● **Collected material**:
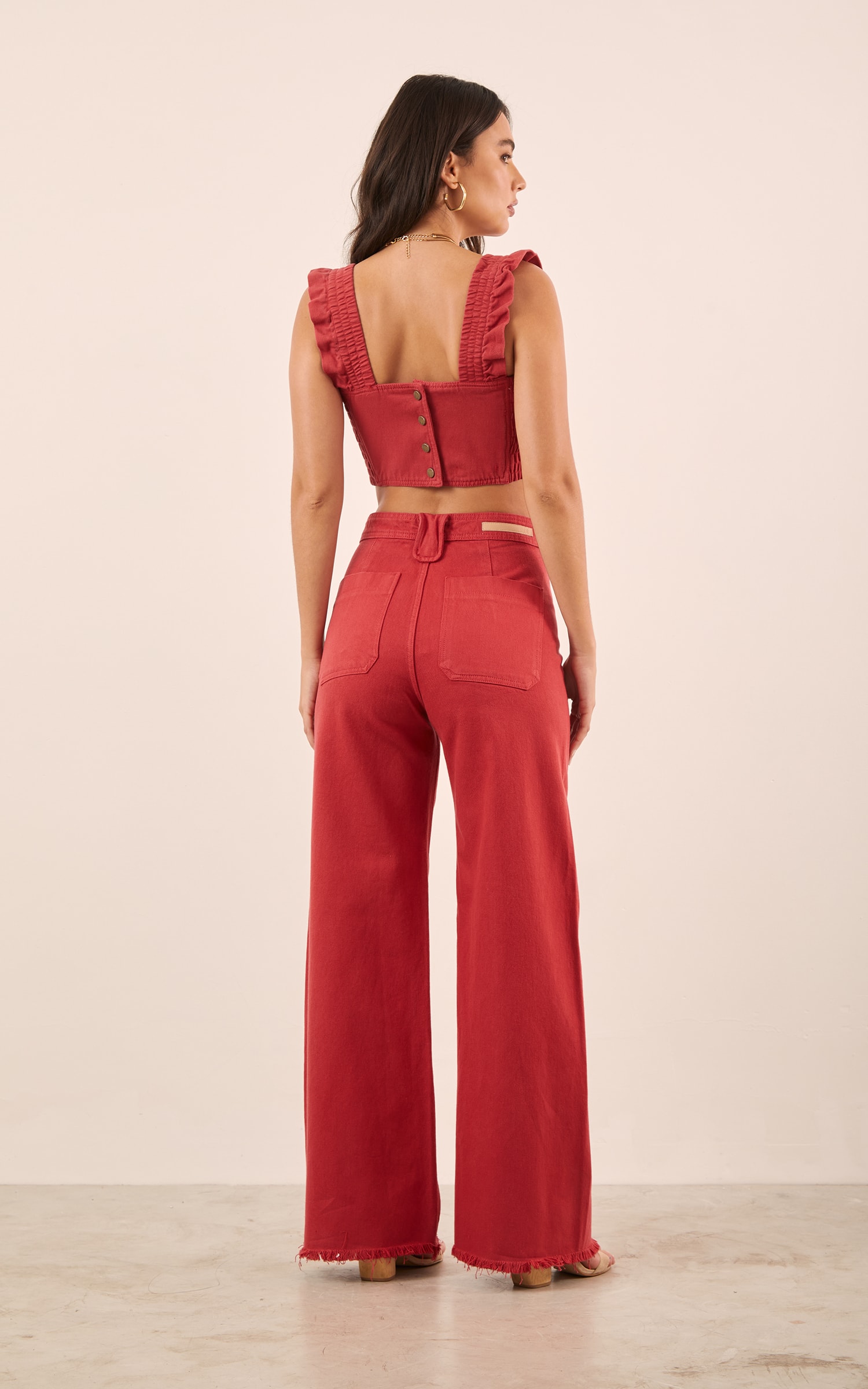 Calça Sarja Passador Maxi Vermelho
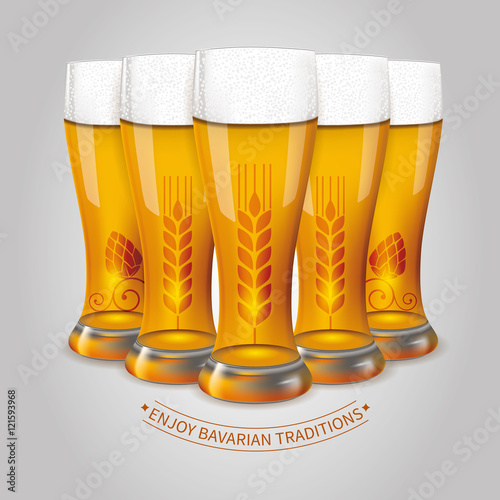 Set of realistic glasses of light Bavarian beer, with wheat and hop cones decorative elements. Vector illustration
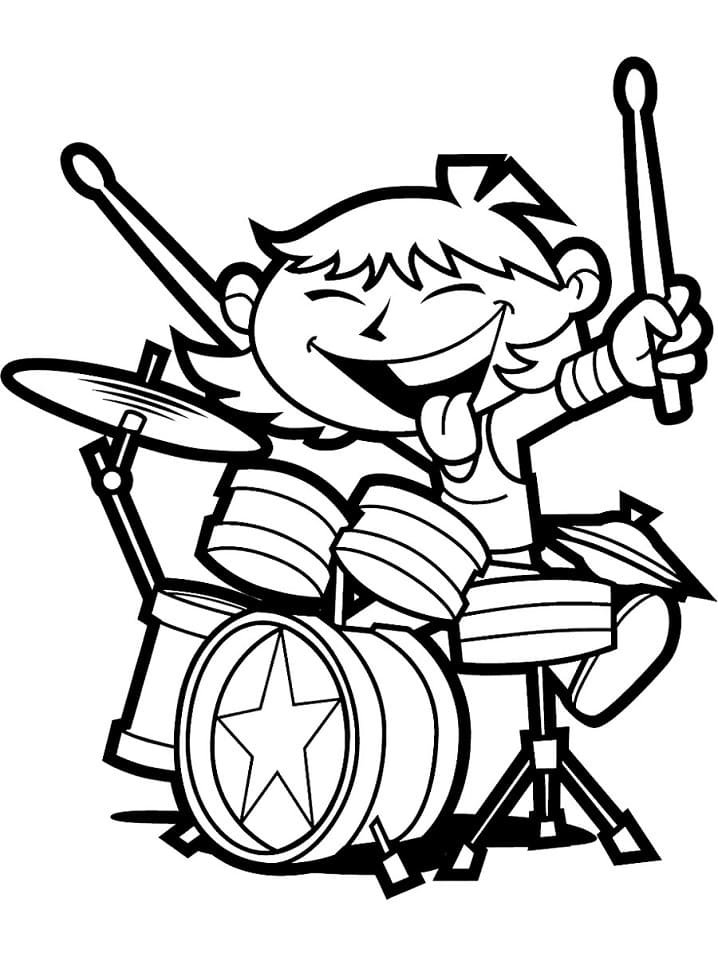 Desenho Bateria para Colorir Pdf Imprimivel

● **Exercise directions**: The entire listing above, word for word and without pictures, is what should be output.

● **Task answer**:
 Calça Sarja Passador Maxi Vermelho
 Set of realistic glasses of light Bavarian beer, with wheat and hop cones decorative elements. Vector illustration
 Desenho Bateria para Colorir Pdf Imprimivel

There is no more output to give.